Commend Stricter Climbing Rules for Mt. Everest

Camp on Mt. Everest.

Target: Purna Chandra Bhattarai, Head of Nepal’s Tourism Industry Division of the Ministry of Tourism and Civil Aviation

Goal: Commend the establishment of stricter climbing rules for Mt. Everest

Although scaling Mount Everest is arguably the most deadly challenge globally, trekking up the world’s highest mountain has become increasingly popular in recent years. In 1963, only six people reached the top; in the spring of 2012, more than 500 people made it to the summit. Today, roughly 90 percent of climbers on Everest are guided clients, with many lacking the necessary climbing skills. In order to account for this trend and more, Nepalese officials say that for the first time in history, a government team will be stationed at the base camp.

This decision follows several troublesome incidents that occurred on the mountain, including a fight between sherpas (an ethnic group native to the region) and mountaineers. The government team will monitor and help expedition groups, coordinate rescues, and protect the environment. Garbage management will be a major focus of the team; many have complained about the amount of trash on the mountain. Also, the new regulations will restrict helicopter flights to nearby slopes in order to discourage dangerous snow fall.

In the past, each climbing team was required to have a government employee as a liaison officer during expeditions. Unfortunately, it was common for these officers to stay in Kathmandu (the capital city). Now, the new government team will also do the job of liaison officers; they will check climbing permits and verify whether groups reached the mountain’s summit. Furthermore, integrated government team members will be expected to go above base camp in case of emergencies and will potentially have the legal authority to deal with incidents between groups on the mountain.

According to Ang Tshering Sherpa, owner of Asian Trekking, the Nepalese government gained than $3 million in permit fees from climbers on 30 foreign expeditions on Mount Everest. The mountain is a significant source of revenue for the nation, and it is encouraging that this motive, along with safety and environmental interests, has pushed Nepal to strengthen its expedition procedures. By signing this petition, you are commending the establishment of stricter climbing rules for the world’s highest mountain.


Dear Mr. Bhattarai,

The challenge of reaching the summit of Mount Everest has attracted more and more thrill-seekers from around the world. Unfortunately, roughly 90 percent of climbers on Everest are guided clients, with many lacking the necessary climbing skills. In order to further protect expeditions on the mountain, your government will be positioning a team at the base camp for the first time in history.

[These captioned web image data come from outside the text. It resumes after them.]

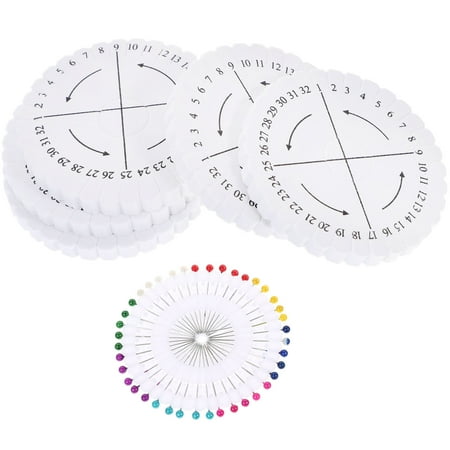 

NUOLUX 1 Set Round Kumihimo Disk Bracelet Weave Knitting Plate with Positioning Pin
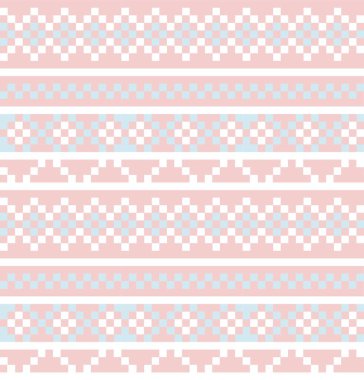 Moda tekstil ürünleri, örgü ve grafikler için Pembe Noel festivali desenli arka plan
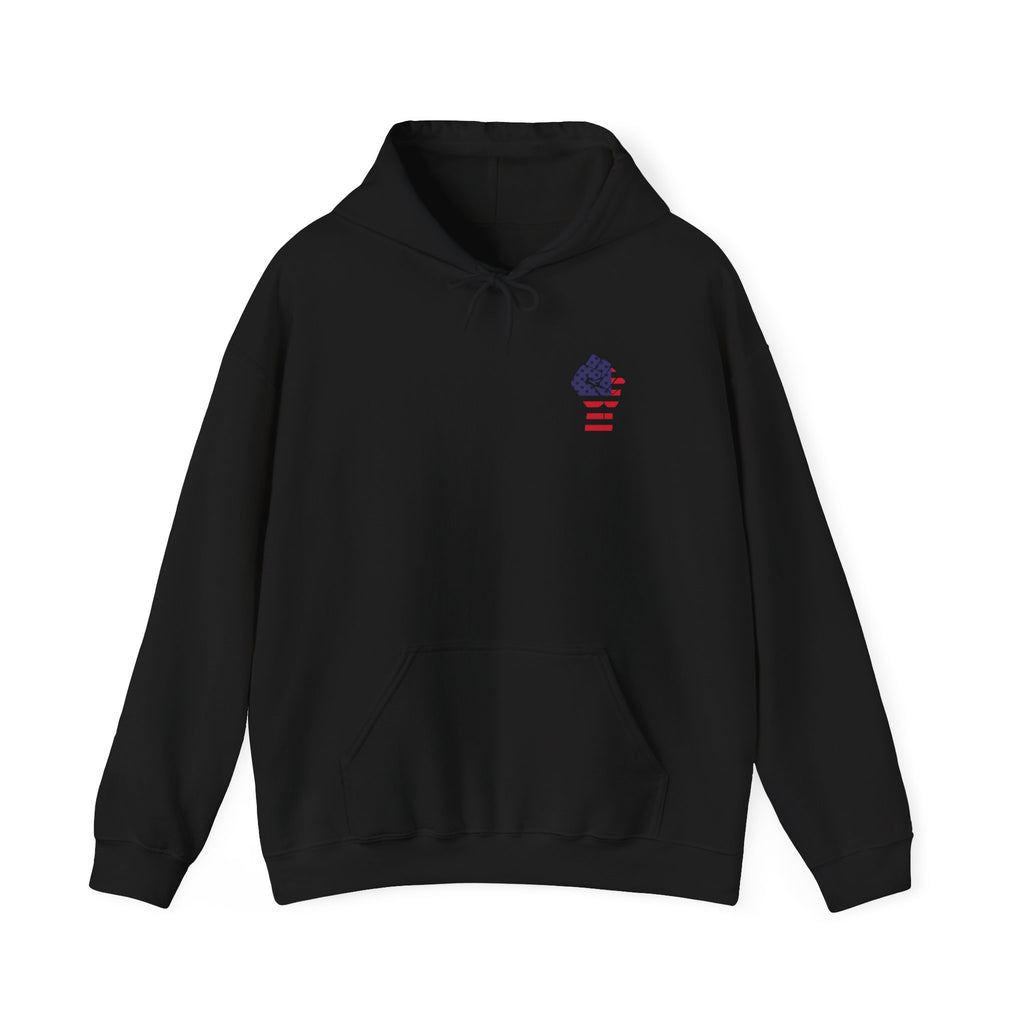 Hoodie — I'll stand beside You Silhouette of Person & Dog at Sunset Graphic Back Print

Observers claim that it was difficult to regulate mountaineering activities from Kathmandu. By establishing the Integrated Service Centre, communication, safety, and environmental concerns can now be addressed by the government on the ground. A permanent government team at the Everest base camp will help to improve the climbing experience for future mountaineers.

Admittedly, it is virtually impossible to monitor what occurs at the summit. Yet, it is encouraging that you have pushed to strengthen your country’s climbing procedures. Furthermore, the positive safety and environmental impacts of these changes will help to maintain the revenues that your government receives from expeditions. I commend Nepal’s establishment of stricter climbing rules for the world’s highest mountain.